Britain's FTSE 100 fell 0.5% in the opening 90 minutes of trading with domestically-focused retailers propping up the bottom of the benchmark after consumer confidence in the U.K. fell to the lowest levels since last year's Brexit referendum, according to data published by the polling group YouGov and the Centre for Economics and Business Research.
Away from equities, the dollar index, a measure of the greenback's strength against a basket of six global currencies, fell 0.4% to 97.02 in early European trading as investors prepared for a key speech in London from Federal Reserve Chairwoman Janet Yellen.
The dollar had edged marginally higher overnight in Asia, changing hands on an index basis at 97.34 despite a rally in U.S. Treasuries during Monday trading as investors adjust to slowing inflation and a pause in the pace of growth in the world's biggest economy.
The Treasury rally pushed the yield gap between 5-year notes and 30-year bonds narrowed to 94.6 basis points, the least since November 2007, suggesting the market is expecting continued interest rate hikes but less-than-expected longer-term growth.
The adjustment sets up an interesting backdrop for Yellen's address at the London Royal Academy, with some investors betting she may signal only one more rate hike between now and the end of the year as Fed officials wait for inflation to stabilise over its 2% target before offering further policy tightening.
However, a speech from Draghi Tuesday in Portugal lifted the euro to its highest level in 10 days after gaining 0.55% against the dollar to 1.1240 after the ECB President said "deflationary forces have been replaced by reflationary ones" in the Eurozone economy.
There is little likelihood of inflation support from crude markets, even with prices rising for a fourth consecutive session in overnight trading, given that consistent U.S. supply increases have offset OPEC's agreed production cuts for most of the first half of this year.
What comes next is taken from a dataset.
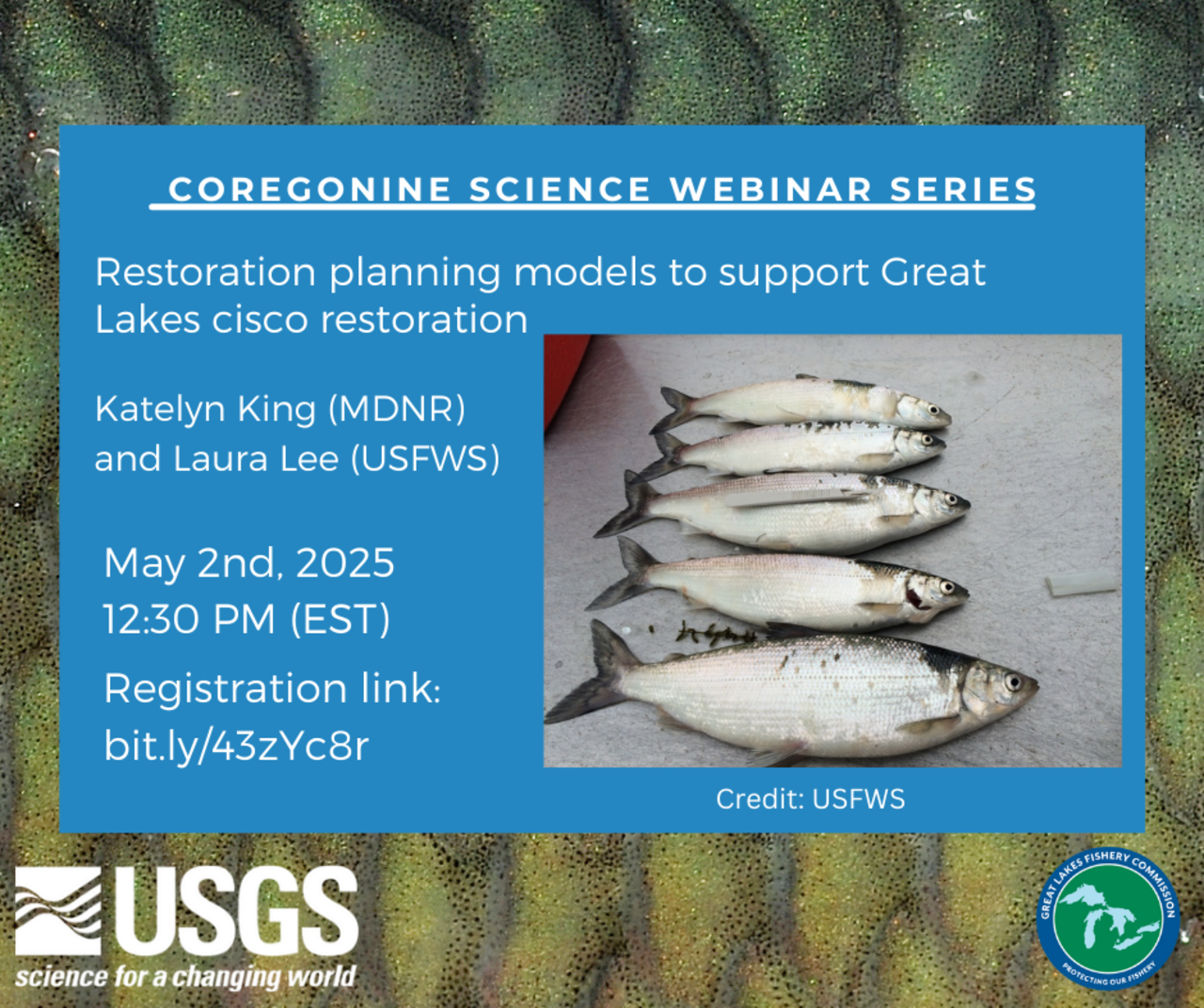 Coregonine Webinar May 2 2025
West Texas Intermediate crude futures for August delivery added 0.6% in early European trading to change hands at $43.67 per barrel while Brent contracts for the same month, the global benchmark, were seen 0.75% higher at $46.16 per barrel.
Early indications from U.S. equity futures point to a pullback on Wall Street, with the Dow Jones Industrial Average set to fall 25 points, or 0.11%, at the opening bell, similar slippages priced for the broader S&P 500 and the Nasdaq.